However, research on network segregation with respect to sex differences and reproductive aging is lacking. The influence of menopause on the severity of functional declines in aging females is important to factor in when interrogating the origins of sex-specific differences in aging. Such insight would offer important new avenues through which age-related declines may be more effectively addressed. Given the increased incidence and severity of age-related diseases (e.g., Alzheimer’s disease) in females, this knowledge may also promote efforts in the early detection and treatment of disease progression. To address these gaps, we investigated differences in restingstate network segregation between females and males, as well as between reproductive and postmenopausal females, across several functional brain networks. We also looked at associations between network segregation and age across sexes, replicating past research (Chan et al., 2014; Cassady et al., 2019), and within females and males separately.

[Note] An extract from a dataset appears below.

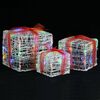 vidaXL Kerstverlichting geschenkdozen 3 st decoratief acryl kleurrijk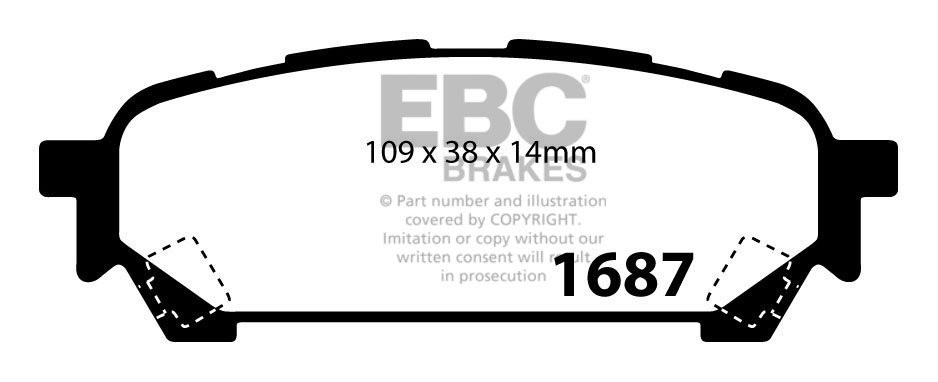EBC Brakes SUBARU Forester 2.0 Turbo 2004-2008 Remblokken achter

In the interest of evaluating both cortical and subcortical network segregation, we included ten cortical networks, as defined by Power et al. (2011), and one subcortical network, following Hausman et al. (2020). For the subcortical network, we included striatal seeds originally from Di Martino et al. (2008) and lobular cerebellar seeds that were created using the SUIT atlas (Diedrichsen, 2006; Diedrichsen et al., 2009). Striatal seeds were localized to the left hemisphere while cerebellar seeds were placed in the right hemisphere, given the known lateralization of cerebellar networks with cortical regions. These subcortical regions have reported age differences in connectivity, wherein older adults primarily show reduced resting-state connectivity relative to young adults (Hausman et al., 2020), and are implicated in both motor and cognitive function (Stoodley and Schmahmann, 2009; Stoodley et al., 2012; Helie et al., 2013; Bernard et al., 2017; King et al., 2019). As such, subcortical networks may show differences in brain organization with advanced age, potentially contributing to age-related functional declines. Therefore, to follow-up on prior work and further explore subcortical structures in the context of aging, we included this cerebellar-basal ganglia network as an additional point of comparison in our analyses.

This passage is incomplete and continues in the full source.